Thursday, May 13, 2010

Quasi

In most activities people pursue with any appreciable intensity, there is a kernel of value embedded in an outer layer of utter absurdity.

I'll start backing up my assertion with the example of sports. I think any sport that picks up a serious measure of longevity has at its core an essence that is enjoyable and worthwhile. I think athletes who play those sports make great memories for themselves, form powerful bonds with teammates and rival competitors, and learn valuable lessons about discipline, teamwork, patience, humility, and the list goes on. But beyond that core lurk the toxins of popularity and money, and as soon as the sport picks up a sizable audience, whether regional, nationwide, or even global, the latent profit creates a bubble of false, distorted value that utterly skews the priorities of those who play it and those who follow it.

Oddly enough, virtually the same thing is true, straight down the line, for academic research. Any academic field that attracts a critical mass of researchers, plus consumers of the research, is definitely on to something. No matter how many hasty, lazy thinkers want to say we're nearing the end of science, and we know everything that needs to be known, we still discover every day new cracks and crevices of reality and human experience (not the same thing at all) that bear examining. But the way academic research works at universities, those crevices become veins of valuable ore to be mined for profit, until almost overnight the scholars are producing obscure, silly, contrived research projects that have vanishingly small power to change anyone's life for the better. I trained in the doctoral program of a Research I university, and my professors all assumed I'd go to a huge state school, crank out five or six journal articles each year, teach at most a single class, and effectively work in a think tank, surrounded by grad students who were my research disciples.
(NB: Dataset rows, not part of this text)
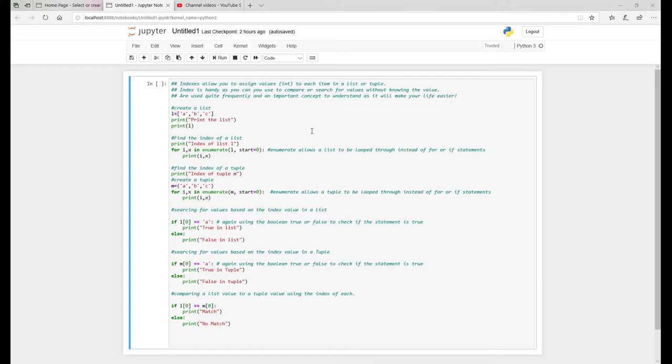You can also, when you're working with indexes and you'll see my logic down below in a minute, tell where, tell the index where to start. So if you don't tell it where to start, it will start at zero. And that's the logical start.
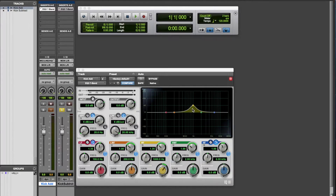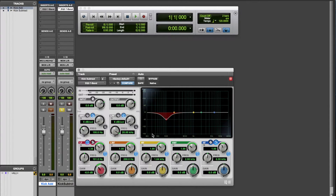On this track, you can see by boosting the mid-range I'm bringing up the attack of the kick drum, and again that's what most people would do if they had never engineered before, because you tend to add what you like instead of thinking about taking away what you don't like. On this track I'm going to take away the low end, the bass, and leave the mid-range — and it still sounds like what I'm looking for, which is more attack on the kick drum, but I'm not adding anything to the mix; I'm actually taking away.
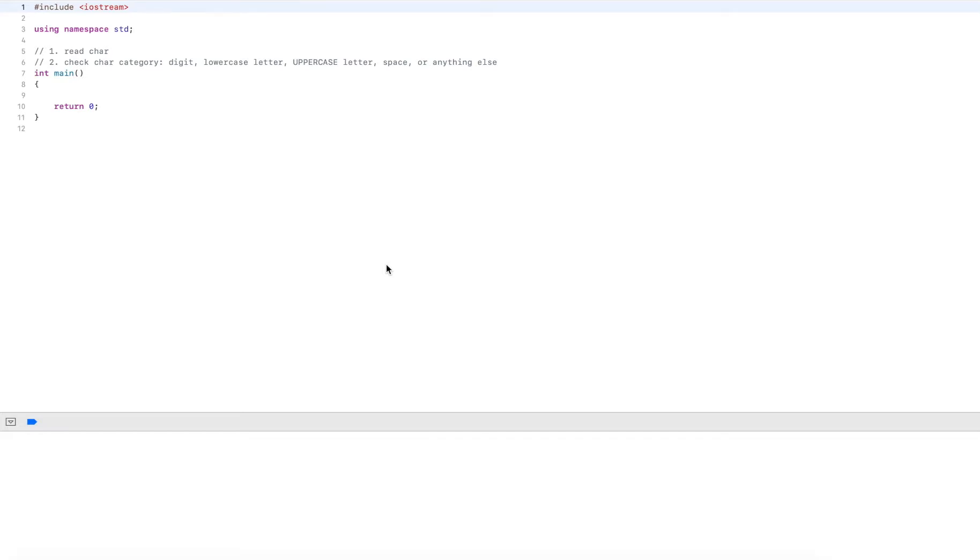Hi guys, in this video I'll talk about some of the utility functions that C++ provides for characters.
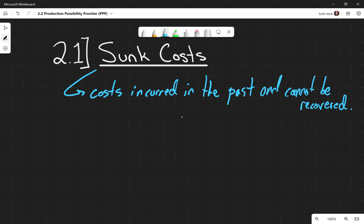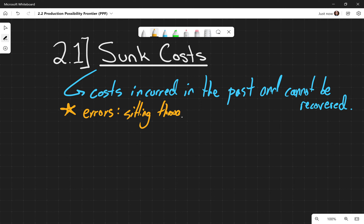It is very frustrating to deal with sunk costs and oftentimes we deal with them incorrectly. The book has a great example that is actually true to my life — I will walk out of a movie halfway through if it sucks. I won't sit there and wait for the movie to get better because I've already paid the money; it's gone, I can't get it back. But I can get that extra hour back. Sitting through the whole movie when you hate it is the sunk cost fallacy.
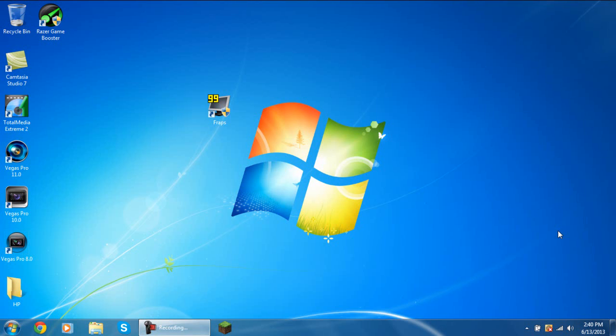Hey guys, what's going on? It's your boy Luke here from All Specialist Gaming. Today I'm bringing you a Fraps settings tutorial, and how you can download it and where to download it from. I'm not going to be showing you how to get the full version for free — just go on YouTube for that — but this is going to be showing you the Fraps settings.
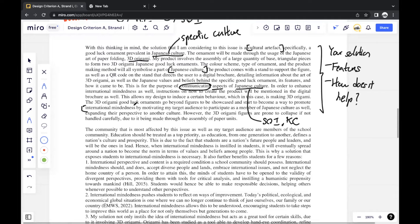You have to go back to the main issue — international mindedness. I write a short sentence on how this product promotes international mindedness, because that's the main thing to focus on. One problem that people in my cohort had was that they were able to show culture and include features representing their chosen culture, but they kept losing focus on international mindedness. They weren't able to justify how the product actually promoted international mindedness. The moment you go away from that, you're going away from your issue — and that's not a good thing. So you have to keep in mind to always focus on the issue at hand.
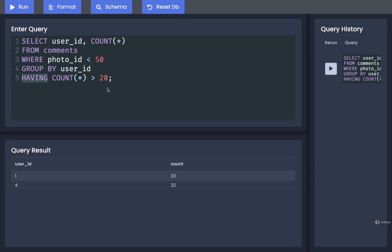That's HAVING. We've now looked at two examples of it. Every time we are trying to filter groups, we want to think about HAVING. And any time we are trying to filter groups based upon some aggregate function, we want to think about HAVING.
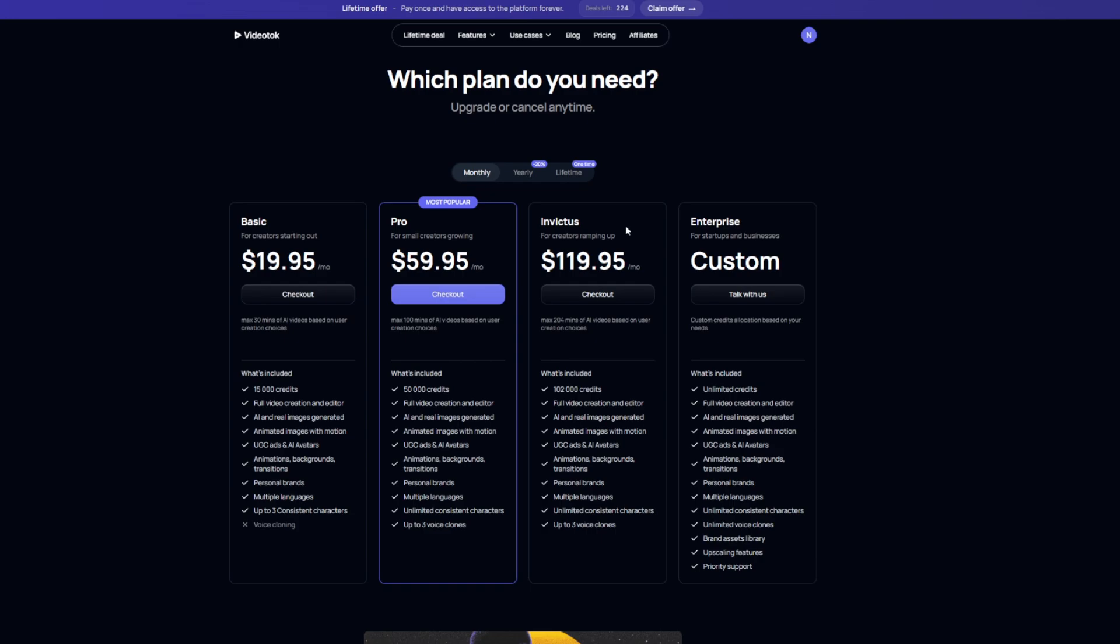So make sure to go check this out. I have been using this for many months now, and multiple YouTube shorts channels I have that are monetized are solely made using Video Talk. It's that easy.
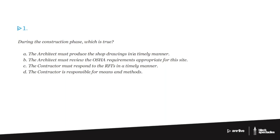But the vast majority of the time, the RFIs are the contractors have gotten to a certain point of the project and something just doesn't make sense, or they just need more clarification. It's a request for information. And so it's a tool for sending out to the architects to say, all right, here are the items that I need clarification on. Please get that back to me.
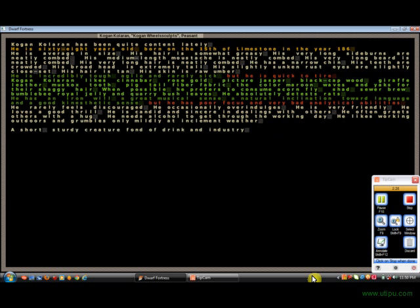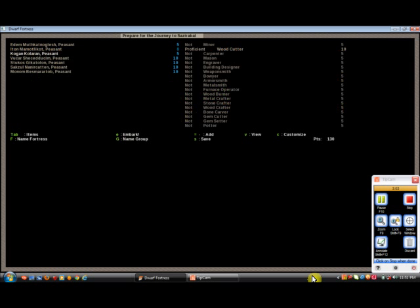I know, I always like to read their little bios. He's average in size, his hair is somewhat greasy, his very long sideburns are neatly combed, his medium length mustache is neatly combed, his very long beard is neatly combed, his very long hair is neatly combed, his narrow chin. Let me guess, it's neatly combed. No, chins can't be combed, but this guy just... He should be a comb maker. I'm making this guy a comb maker.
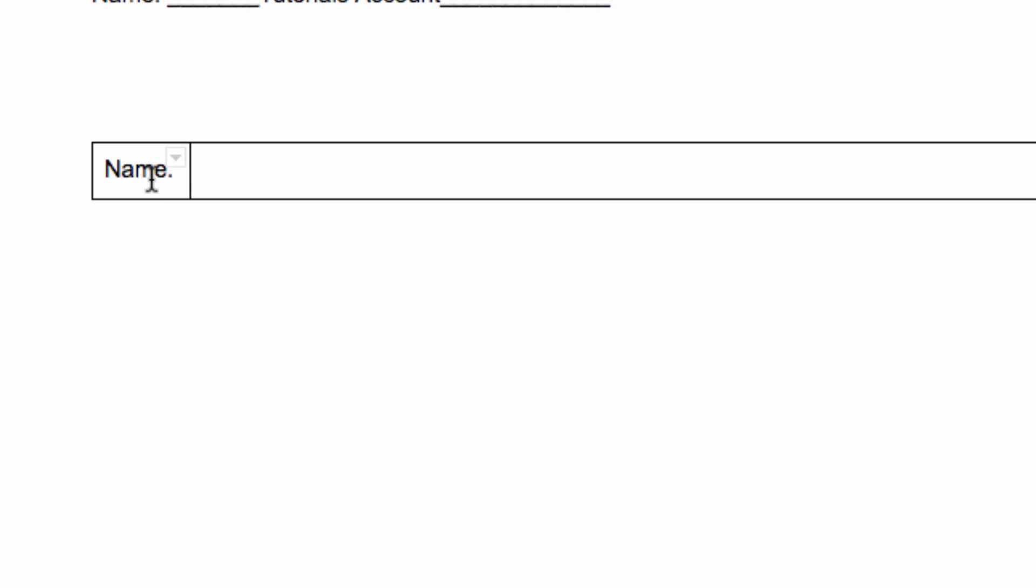Next, click on the small arrow in the upper right-hand corner of the cell. This allows you to select what kind of border you would like. And I want you to click here, which will create an outer border.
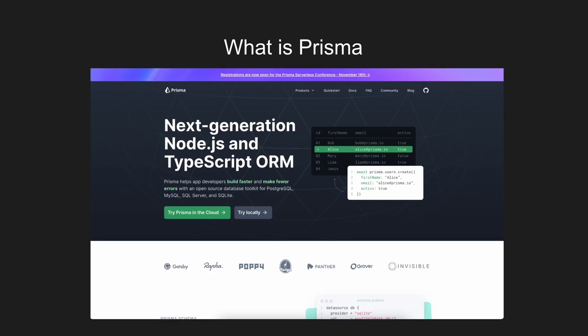So what is Prisma? Well, you can see right here, it says next generation Node.js and TypeScript ORM. But what is an ORM? Well, an ORM is an object relational mapper.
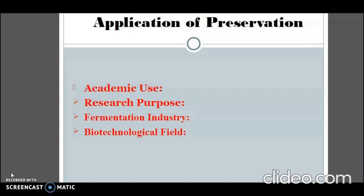Pure cultures are required for the production of industrial products such as antibiotics, amino acids, and vitamins. If the culture is not pure, some unintended and potentially harmful products will be produced. So in order to avoid that, pure culture is needed, and in order to maintain a pure culture, preservation is required.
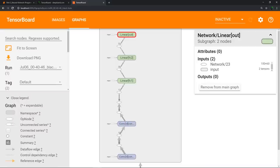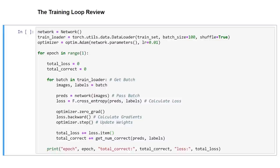This is just getting us started with TensorBoard. What we really want to see is data that we collect from our training process. Let's go over the training process quickly so we can understand where we need to put the TensorBoard calls to get data out of our training process.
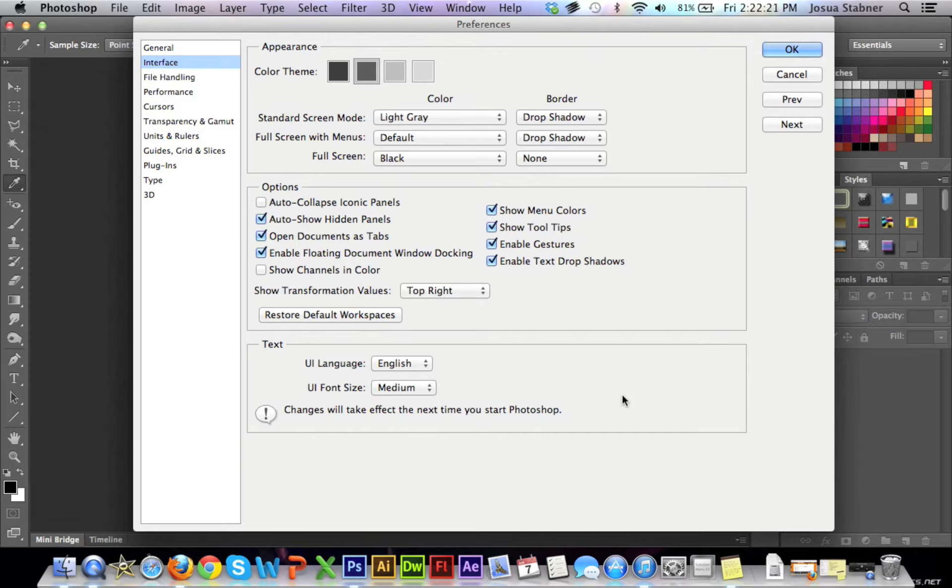Hey guys, welcome back to Quick Tip of the Week. This is Josh and today I'm going to be showing you how to show your text preview. Let's get started.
Didn't quite turn out that way.

You see, one of the few pursuits that I don't think is a core of value surrounded by a cocoon of absurdity is teaching. Teaching, from inside to out, is pure value. It's definitely the case that learning can range from worthwhile to absurd, and the unbalanced relationship ultra-orthodox Judaism has with Talmud study merely for study's sake has lately underscored that for me. But teaching, as far as I'm concerned, as far as my reasoning can take me, is worthwhile all the way through.

And notice what do I do for a living? I dabble in research on the side, and I even serve the athletic program at my college. But the kernel of what I do is teaching. Teaching makes everything else run; teaching is what defines me. It's my top priority. It's easily the most worthwhile, least counterfeit, enterprise I pursue, and I believe it's the most world-changing outlet for my energies that God provides.

I take great comfort in that. I think it's probably my best protection against burnout.